Gorman, penyair pelantikan termuda, membacakan puisinya “Bukit yang Kita Daki” untuk menghormati presiden tertua saat mengawali jabatan, Joseph R. Biden.
Gorman adalah penyair pelantikan keenam. (Yang lainnya adalah Richard Blanco, Elizabeth Alexander, Miller Williams, Maya Angelou, dan Robert Frost.) Dia membaca dengan gerakan dramatis dan irama yang kuat, memberikan pertunjukan dan juga puisi.

Direkomendasikan oleh ibu negara Jill Biden, Gorman mungkin tampak seperti pilihan yang tidak biasa. Frost membacakan puisinya pada usia 86 tahun, sebagai tokoh sastra Amerika yang diakui dan dicintai. Tetapi Joe Biden terpilih menjadi senator AS pada usia 29 tahun, dan pilihan tersebut menandakan kepercayaan pada generasi yang lebih muda dan ambisi mereka untuk Amerika.
Puisi Gorman melengkapi seruan Biden untuk memperbarui prinsip demokrasi dan persatuan yang lebih besar di kalangan rakyat Amerika.
Biden berkata, “Semoga ini menjadi cerita yang membimbing kita. Cerita yang menginspirasi kita.
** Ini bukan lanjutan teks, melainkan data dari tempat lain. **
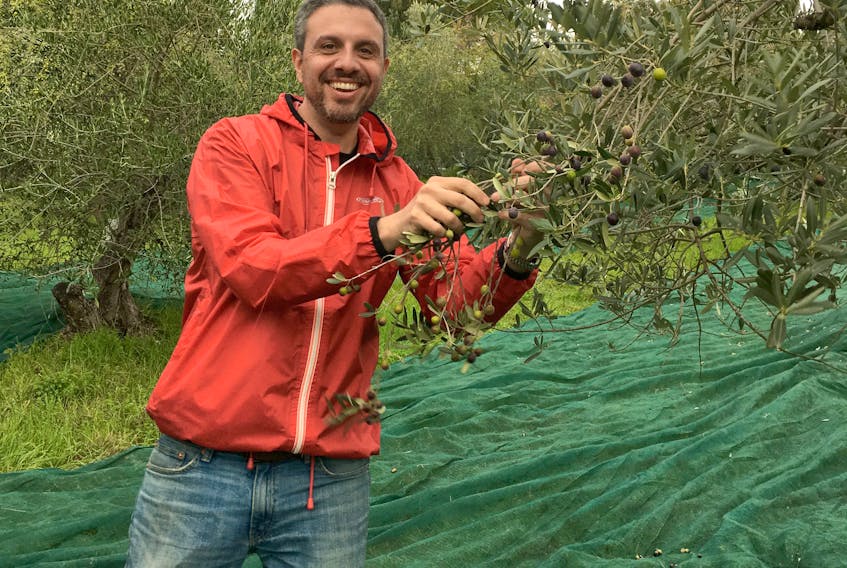 Fil Bucchino, shown during the olive harvest in Italy, brings his documentary Obsessed with Olive Oil to the Devour! Food Film Fest in Wolfville this week.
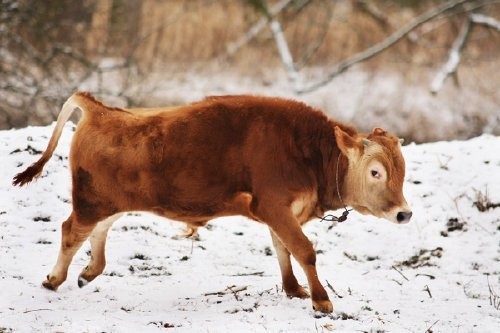 SPRZEDAM KROWY RASY JERSEY — zdjęcie 1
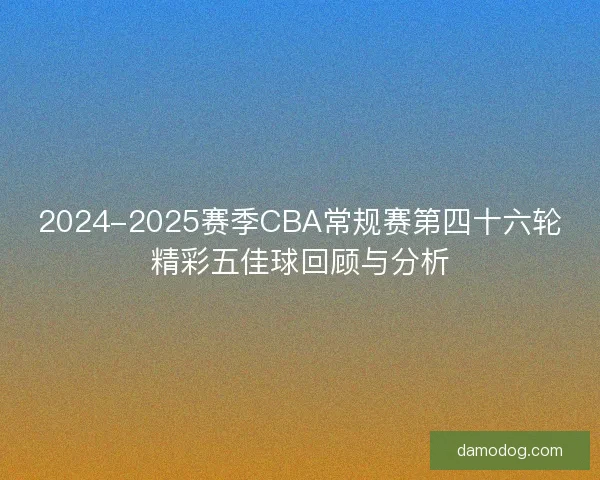 2024-2025赛季CBA常规赛第四十六轮精彩五佳球回顾与分析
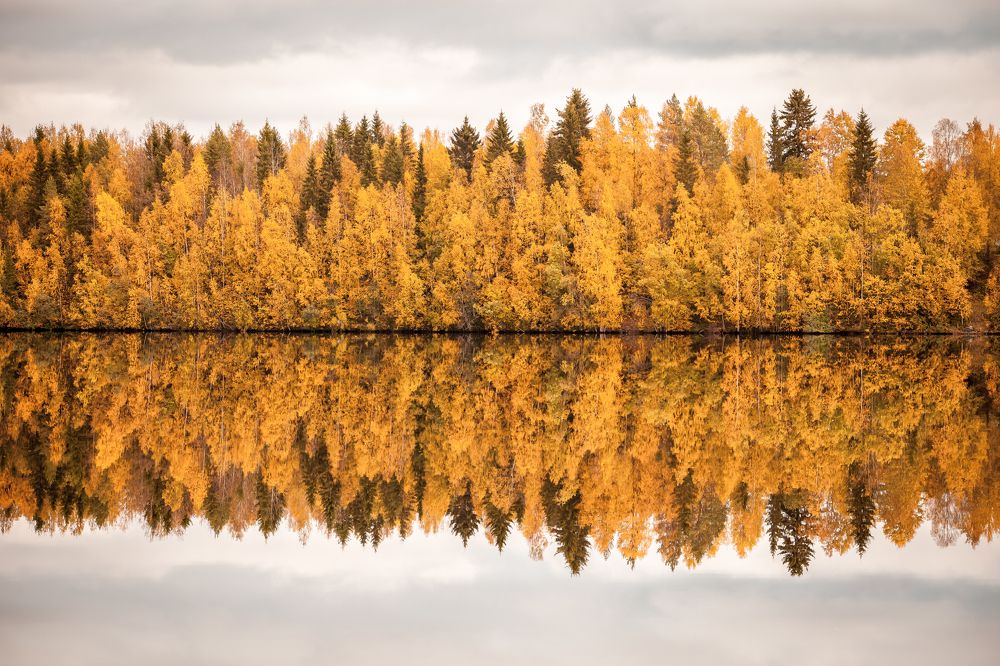 Photograph by Михаил Анастасьев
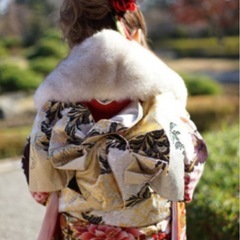 成人式 振袖 一式セット フルセットの画像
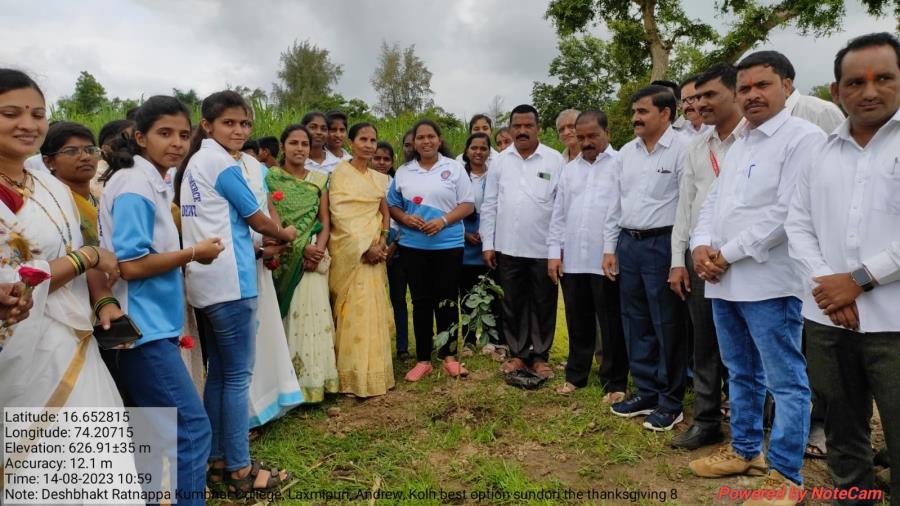 Tree Plantation Under 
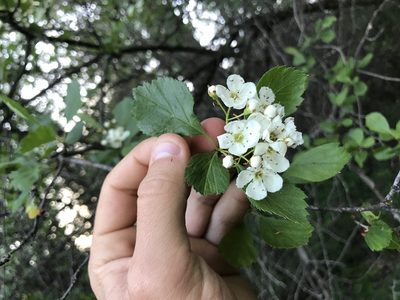 Crataegus douglasii, photographed by Konshau Duman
Kisah yang menceritakan bagi masa yang akan datang bahwa kita telah menjawab panggilan sejarah. Kita telah menjumpai saat itu. Demokrasi dan harapan, kebenaran dan keadilan, tidak mati saat kita terjaga, tetapi makin berkembang.”
Dan beberapa saat kemudian, Gorman membacakan kalimatnya: “Kita berjuang menempa persatuan dengan tujuan. Membentuk sebuah negara, berkomitmen pada semua budaya, warna, karakter, dan kondisi manusia.”
Masyarakat Penyair Pelantikan
Pada tahun 1961, ketika Frost membaca puisi di pelantikan John F. Kennedy, ia mengalami kesulitan. Dia telah menulis sebuah puisi baru tapi tidak menghafalnya. Salju menyelimuti Washington, dan Frost membaca dengan pantulan sinar matahari di salju, menyilaukan matanya, dan angin meniup kertas yang digenggamnya. Dia berhenti dan mengganti puisinya, membacakan “The Gift Outright,” sebuah puisi yang ditulis sebelumnya yang bisa dia ucapkan langsung dari ingatannya (dan seorang kritikus mengatakan itu adalah puisi yang lebih baik).
Williams bertemu Frost setahun sebelum dia sendiri membaca puisi pada pelantikan Bill Clinton. Williams mengatakan bahwa Frost memberitahunya, “Jika suatu saat Anda diminta untuk menulis puisi untuk pelantikan, tempelkan dengan pita perekat.”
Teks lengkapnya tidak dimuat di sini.